Je me rappelle d’une histoire. Dans cette histoire, Jaha, il avait une maison qui était vide. Les gens quand ils voyaient Jaha lui posaient toujours la question :

– Pourquoi tu ne la loues pas à quelqu’un ?

– Pourquoi vous voulez que je la loue ?

– Pour pas qu’elle reste vide, que cela serve à quelqu’un.

Ils insistaient, ils insistaient et à la fin, Jaha leur dit :

– Bon d’accord, je veux bien voir ça mais d’abord, je vais rentrer cinq minutes dans la maison et vous, attendez-moi dehors.

Il est rentré et il a fermé la porte à clé derrière lui. Dans la maison, Jaha, a retiré tous ses habits et il s’est mis tout nu puis il a commencé à danser. Tout nu, il a dansé, dansé, dansé, dans sa maison. Dehors, les gens attendaient. Après, Jaha s’est rhabillé puis il est sorti. Il a demandé aux gens :

– Est-ce que vous avez vu ce que j’ai fait à l’intérieur ?

– On n’a rien vu

– Ma maison, je la garde pour moi. Même si elle est vide, elle garde mes secrets et mon intimité. Je n’ai pas envie de la louer à des gens qui vont faire des choses que je n’ai pas envie à l’intérieur, personne ne peut les voir. Alors, je la laisse comme ça et je ne la louerai à personne.
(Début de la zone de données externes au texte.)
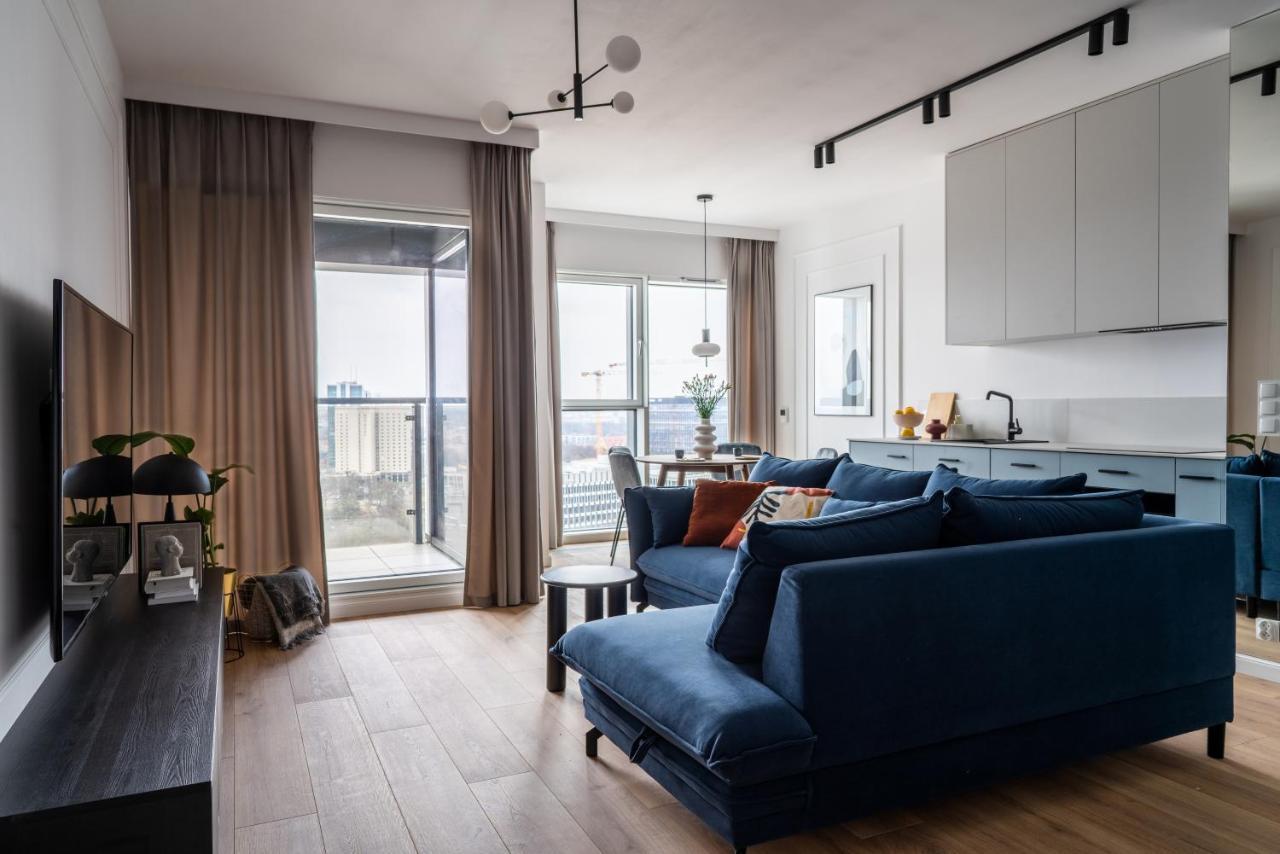 Choya Apartments Poznań Zewnętrze zdjęcie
C’est ma grand-mère Fatima qui racontait cette histoire et nous, on riait.

En France, je n’ai pas raconté d’histoires à mes enfants. Ça s’est perdu.

Parce qu’ici, on n’est plus comme avant. Avant, on croyait les choses, on était un peu naïf. Le temps a changé, la mentalité a changé et les enfants aussi. Maintenant, il y a les jeux vidéo, la télé et les enfants ne savent plus écouter. Nous, on n’avait pas tout ça et on était plus naïf.

Il y a la petite lumière de ma grand-mère qui brille encore en moi et qui me donne le courage de continuer. Malgré ce qui est dur, je reste moi-même.

Ma mère avant de nous quitter m’a dit :

– Je te protège.

Elle m’a dit ça sur son lit de mort. Au moment de mourir, elle est morte dans mes bras et elle a poussé son dernier souffle. Elle m’a dit aussi :

– Si tu as un problème, tu m’appelles.

Des fois je pleure, et je parle avec moi-même et je l’appelle. Je lui pose des questions et je fais les réponses comme si elle me parlait. Peut être que c’est ça qui me sauve. Après, je me sens un peu mieux.